Everyday aches and pains become messengers of doom, with Dr. Google cheerfully supplying any worst-case scenarios our worrying and overthinking don’t come up with on their own. 

Psychologists call this catastrophizing, imagining the worst. If we aren’t careful, before we know it we’ll the ones screaming at Jesus, “WE’RE ALL GONNA DIE—don’t you care?” 

This is a picture of the Catatumbo River in Venezuela. It sees storms like this one about 300 nights a year, with 40,000 bolts of lightning, on average, per night. Weather plays a part, as do geography and humidity. It’s a spectacular show but, on the Catatumbo River, there’s always a storm. 

There is always a storm—if not on the Catatumbo River, then in each of our lives. Jesus doesn’t expect us to be fearless superheroes of the faith. If that were the case, why does Scripture spend so much time telling us not to be afraid, even in moments of great joy? 

In that region there were shepherds living in the fields, keeping watch over their flock by night. Then an angel of the Lord stood before them, and the glory of the Lord shone around them, and they were terrified.
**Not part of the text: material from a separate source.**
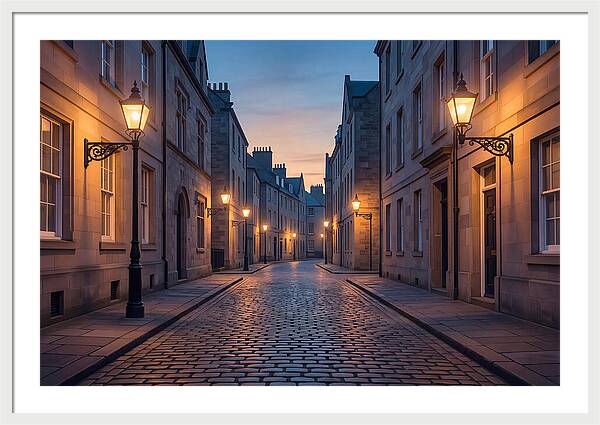 Gas Lamp Lit Cobblestone Lane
But the angel said to them, “Do not be afraid; for see–I am bringing you good news of extraordinary joy for all the people: to you is born this day in the city of David a Savior, who is the Messiah, the Lord. (Luke 2: 8-11) 

When the sabbath was over, Mary Magdalene, and Mary the mother of James, and Salome bought spices, so that they might go and anoint him….As they entered the tomb, they saw a young man, dressed in a white robe, sitting on the right side; and they were alarmed. But he said to them, “Do not be alarmed; you are looking for Jesus of Nazareth, who was crucified. He has been raised; he is not here.” (Mark 16:1-6) 

Jesus doesn’t ask us to be fearless Christians or, for that matter, perfect Christians. Notice that, despite his disciples’ fear and lack of faith, the storm still stopped. 

What Christ does ask of us, as he asked of those first disciples, is not to let fear rule our lives. Jesus calls on us to face our fears trusting that he’ll weather life’s storms with us, believing that he cares about us and will act.